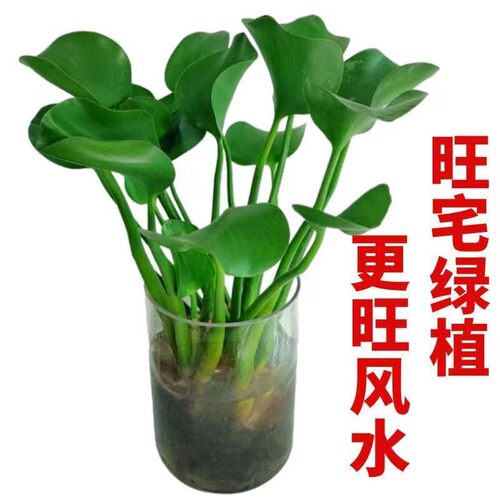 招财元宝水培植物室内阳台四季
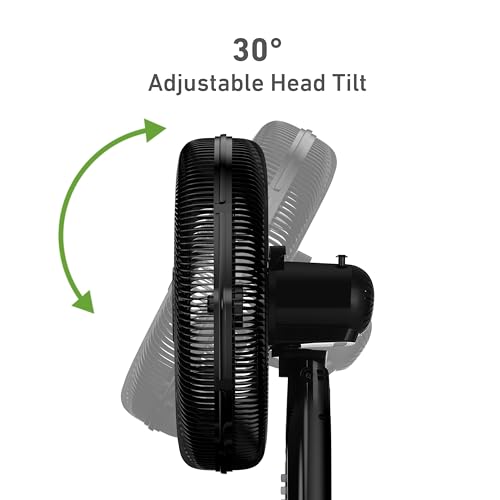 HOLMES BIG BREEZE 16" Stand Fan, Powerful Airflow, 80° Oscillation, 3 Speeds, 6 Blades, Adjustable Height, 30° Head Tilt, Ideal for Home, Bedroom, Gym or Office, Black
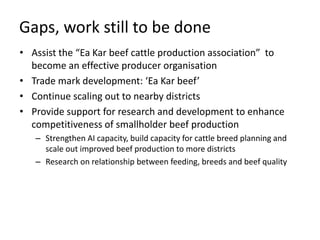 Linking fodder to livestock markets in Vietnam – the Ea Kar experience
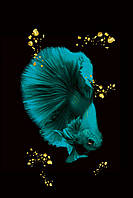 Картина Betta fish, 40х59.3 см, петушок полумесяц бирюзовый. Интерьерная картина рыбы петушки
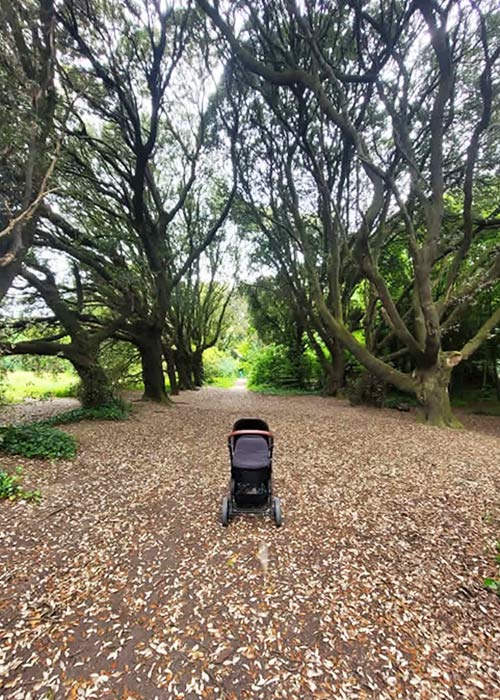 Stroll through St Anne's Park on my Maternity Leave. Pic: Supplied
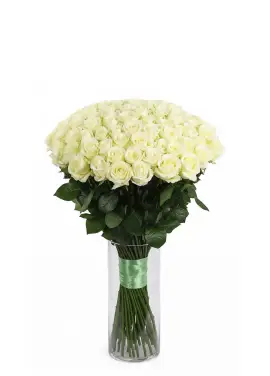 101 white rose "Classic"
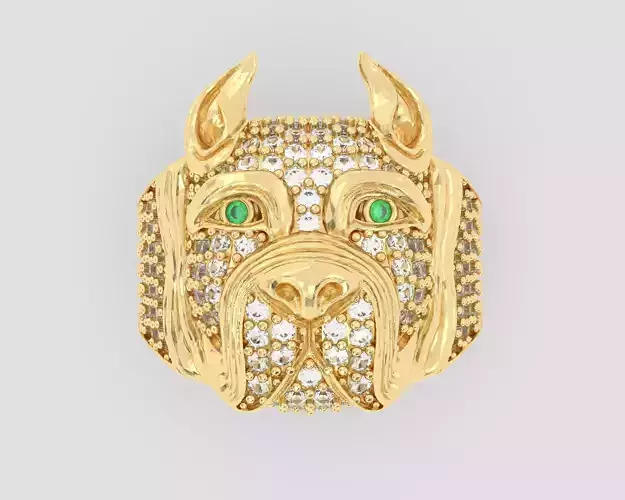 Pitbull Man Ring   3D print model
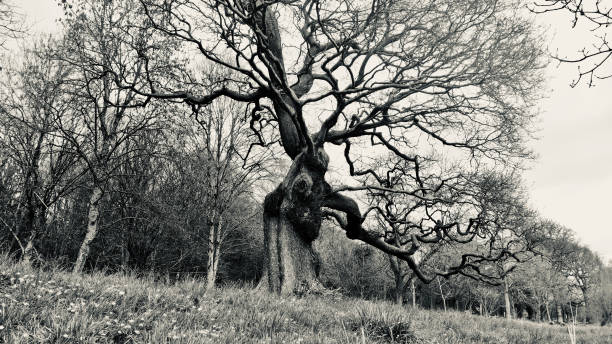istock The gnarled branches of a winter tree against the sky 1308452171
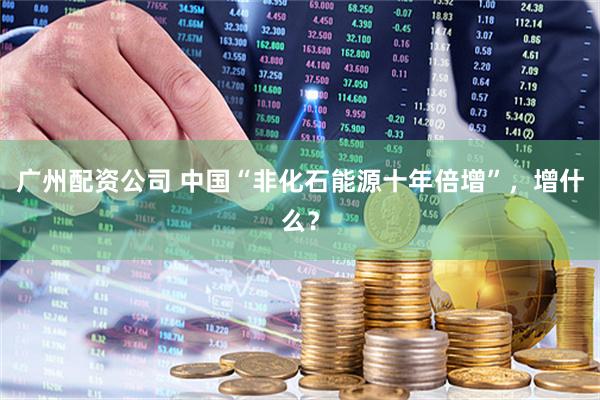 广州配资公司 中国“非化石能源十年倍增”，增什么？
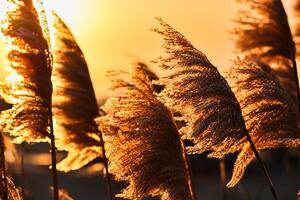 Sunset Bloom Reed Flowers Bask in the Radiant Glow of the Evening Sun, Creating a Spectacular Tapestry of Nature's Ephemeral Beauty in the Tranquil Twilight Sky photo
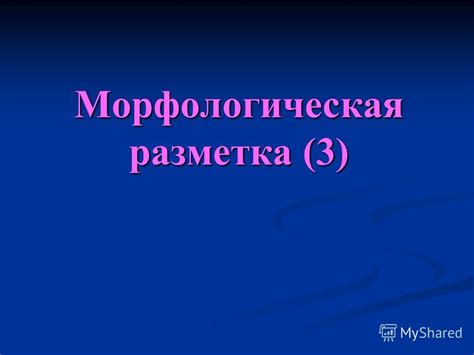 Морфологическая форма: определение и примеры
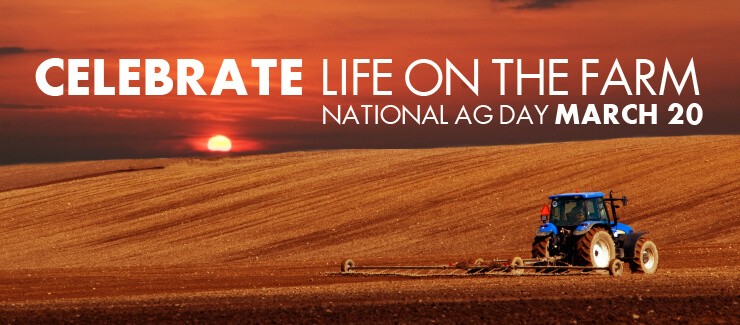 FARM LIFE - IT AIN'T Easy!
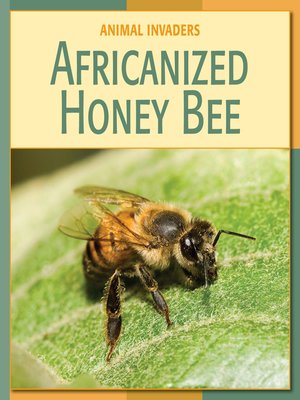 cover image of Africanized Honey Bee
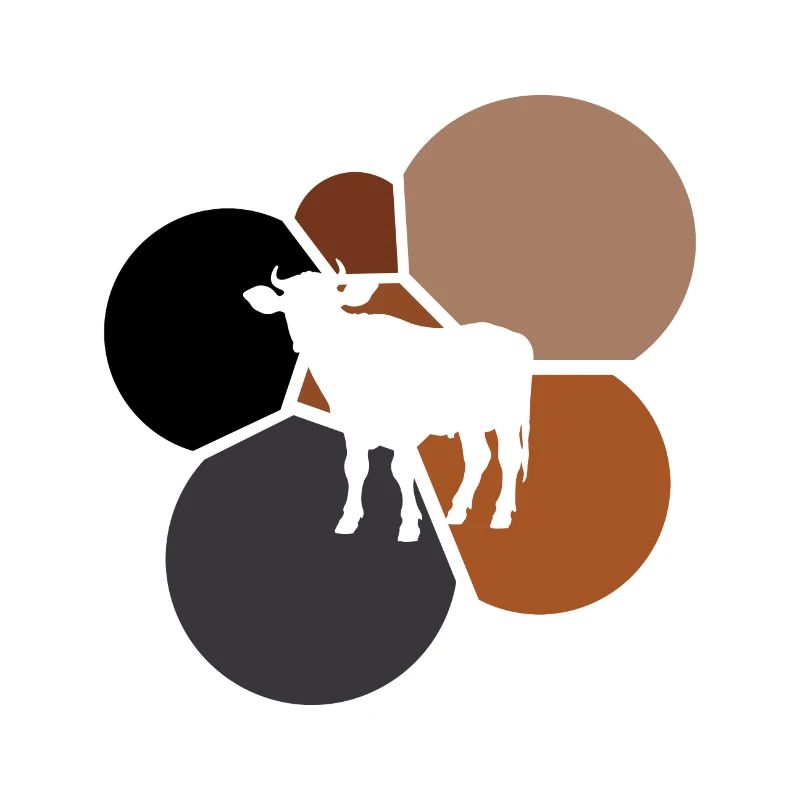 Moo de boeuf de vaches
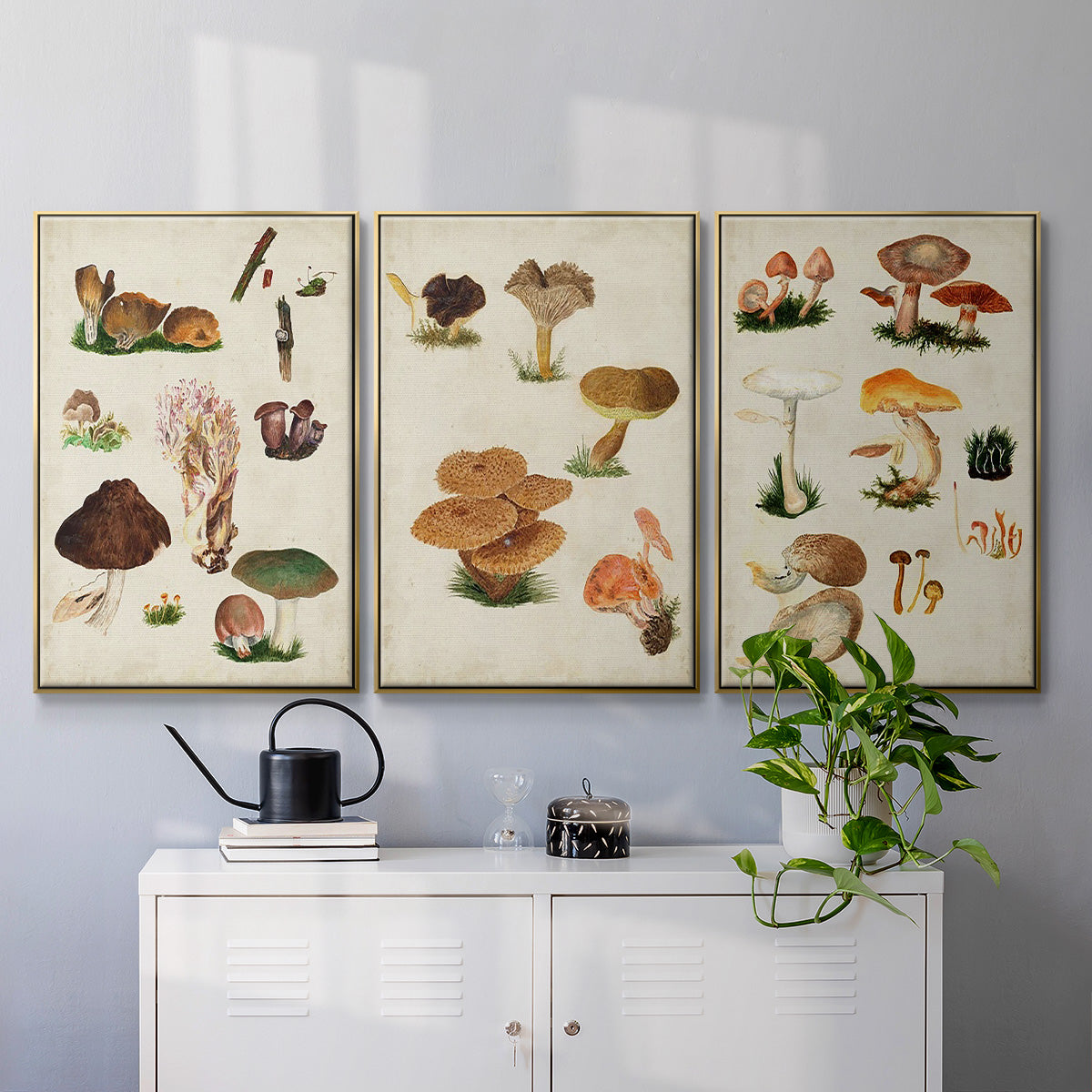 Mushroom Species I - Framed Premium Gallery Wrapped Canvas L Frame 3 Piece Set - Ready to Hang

### PROBLEM DETAILS:
Give back, exactly and with nothing added, the lines from the line with "cover image of Africanized Honey Bee" through the final line of the data, both included; leave pictures out.

### PROBLEM SOLUTION:
 cover image of Africanized Honey Bee
 Moo de boeuf de vaches
 Mushroom Species I - Framed Premium Gallery Wrapped Canvas L Frame 3 Piece Set - Ready to Hang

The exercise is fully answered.